Posted by Christine at 5:37 PM 0 comments
Monday, April 14, 2008
Web Design
I love how he shows me his websites. He even asks my opinion about them! I'm so glad I took that web design class senior year. My knowledge is no where near as high as his, but at least I understand to some degree what he's doing. But he actually thinks my opinion is worth something! It makes me feel special. :)
Posted by Christine at 8:54 AM 0 comments
Monday, April 7, 2008
Missing Him
I miss him. I miss his hugs and his arms around my waist. I even miss him tickling me.
Six days. I have to wait 6 days before I see him again, then 2 weeks!! He won't be here for the next swing dance (2 days before my birthday), and so he'll miss my birthday dance. And he missed the last dance because he's sick. We haven't been able to make it to a dancce together in quite a while. Ok, he was at the one a month ago, but he was stuck in traffic and didn't make it until the last hour, half-hour. Then neither of us made it the 2 months previous. Why is this happening to me!?! Right around my birthday.
I miss him. Very much.
Posted by Christine at 7:33 AM 0 comments
Sunday, March 30, 2008
Who Am I?
Who am I? That's a good question. I am a daughter, a sister, a cousin, a niece, a granddaughter, a friend. One of the biggest, and most important, facets of who I am is I am a Christian. I love God and seek His will for my life. I am a library technician and a student.
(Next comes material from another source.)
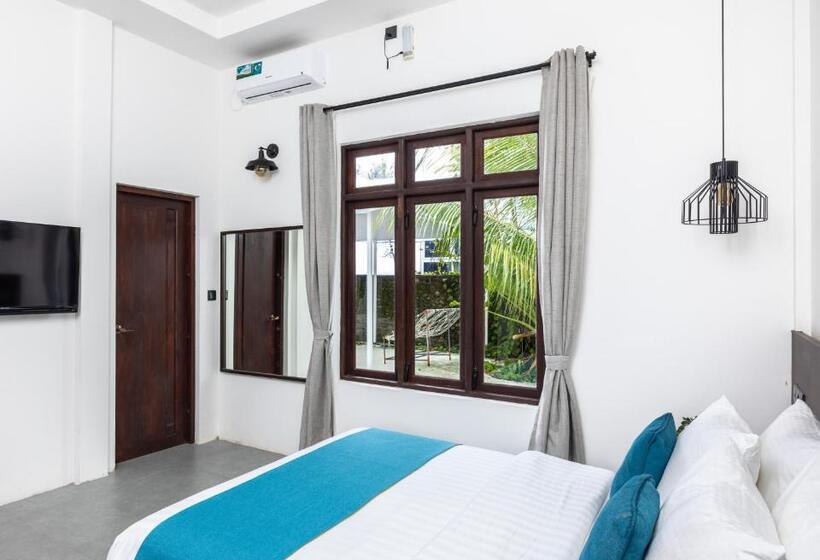 هتل Fushi Beach Guesthouse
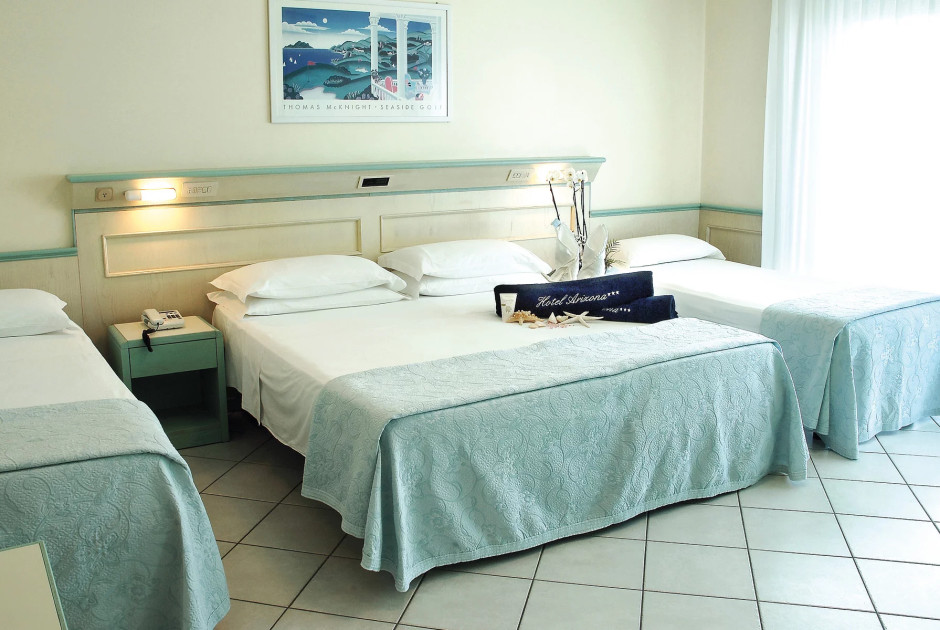 media.Slide-Camere_3Hotel-Arizona-Riccione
This is where it gets tricky though. I may be all these things, but what is my thing? Where's my nook? My best friend's thing is art. Her brother, my boyfriend, is a computer and bagpipe person. Her boyfriend's thing is music, business, and statistics. He actually has quite a few things. Another friend has music and teaching. But what is my thing? I thought it was English. I love literature and have always been a rabid reader. I love to write, though I confess I'm not that great. I'm good at grammar, although I don't like it. I'm fond of poetry, although pretty incapable of writing it. But I thought, I could be an editor and put those grammar skills to work, while getting to read loves of books. Sounds perfect!
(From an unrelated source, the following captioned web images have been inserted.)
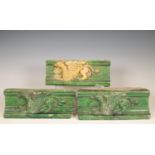 Duitsland, drie groen geglazuurde aardewerk reliëf tegels, 18e eeuw;
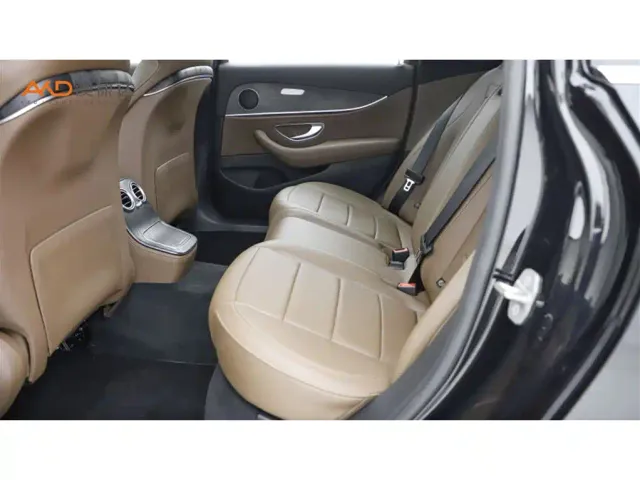 Mercedes-Benz E-Class — Фото автомобиля 7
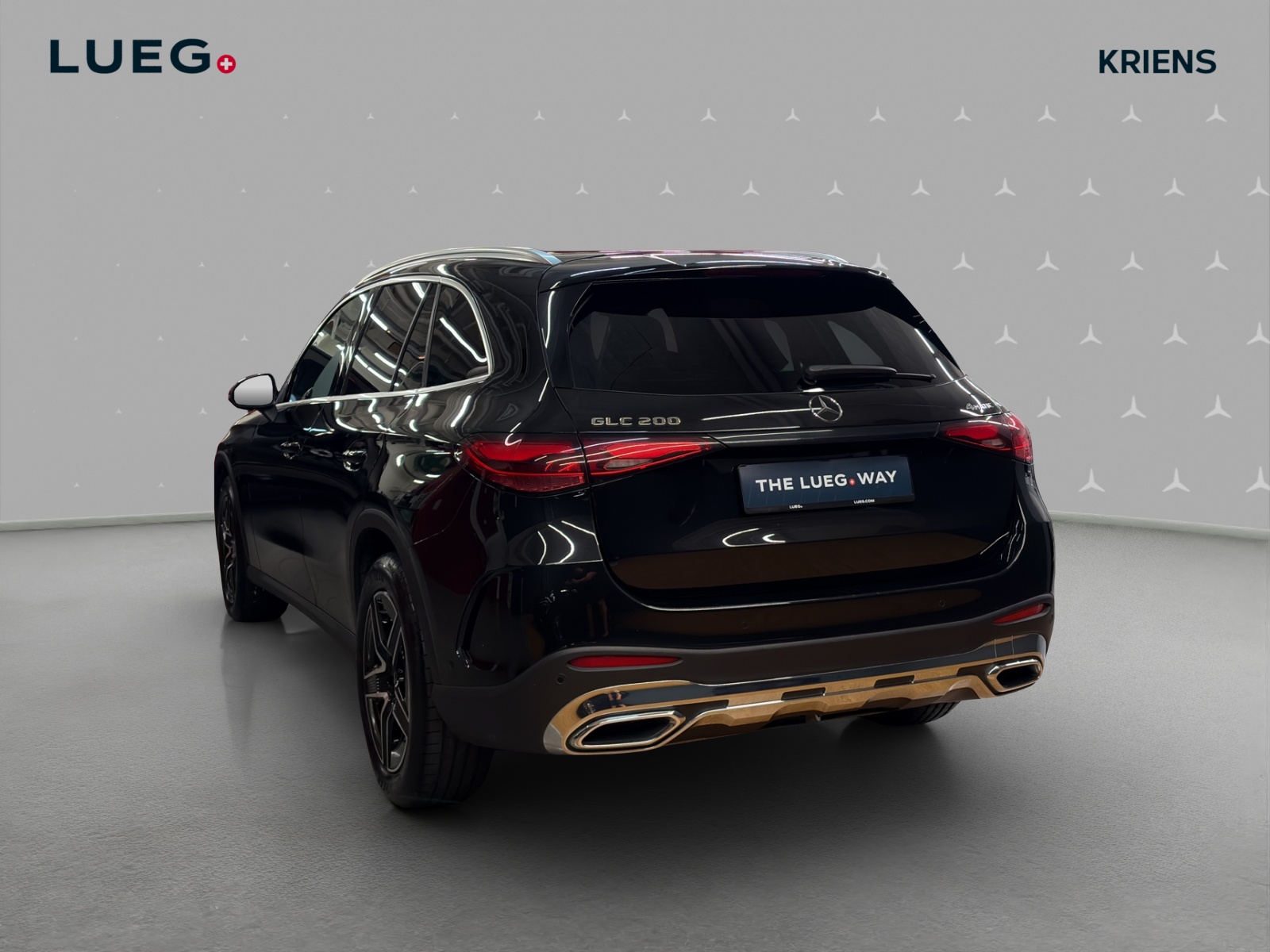 MERCEDES-BENZ GLC 200 4M - AMG / DISTRONIC / Panorama-Dach / Rückfahrkamera / AHK-image-2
I got into college, and had to take either music, art, or theatre appreciation. I always liked theatre, but that was always another friend's nook. But I heard horror stories of music appreciatin, and I have absolutely no drawing skills. So off to theatre appreciation it was! And I loved it. Next semester, as l picked out my classes, I decided to sign up for another theatre class, one where I actually got to act. A little over a week ago, we had a guest teacher from Ireland. He runs the Gaiety School of Acting over there in Dublin. There's a study abroad opportunity to study there for a month. I would love to do it. And I realize, theatre is coming to an end. But I don't want it to. I have always enjoyed being in plays, even though I never get a major role. And a brilliant thought comes into my head. I can major in theatre and performance studies. Suddenly my world is thrown upside down. I know this is a major decision I need to think, and pray, about. I tell my best friend what I'm considering. She tells me she always thought I should be a theatre major. I had no idea! She had never said anything before.
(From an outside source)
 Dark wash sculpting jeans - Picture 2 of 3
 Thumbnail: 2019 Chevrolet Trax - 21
Oh, and by the way, I had failed my English class last semester. It was completely unlike any English class I had ever had before, and I didn't know how to handle it.
I tell my parents about it. They don't think I should do it. My friends are supportive (my boyfriend didn't have a comment, but I'm sure he'll support whatever decision I make), but still I am unsure. So now I have to decide: am I an English person, or a theatre person? Which am I better at? Am I even good at them? Is this where I belong? Can I make a living from acting? That's my parent's concern. English is safe. I'm tired of being safe. I want to take a risk. I want to defy gravity. Spread my wings and fly.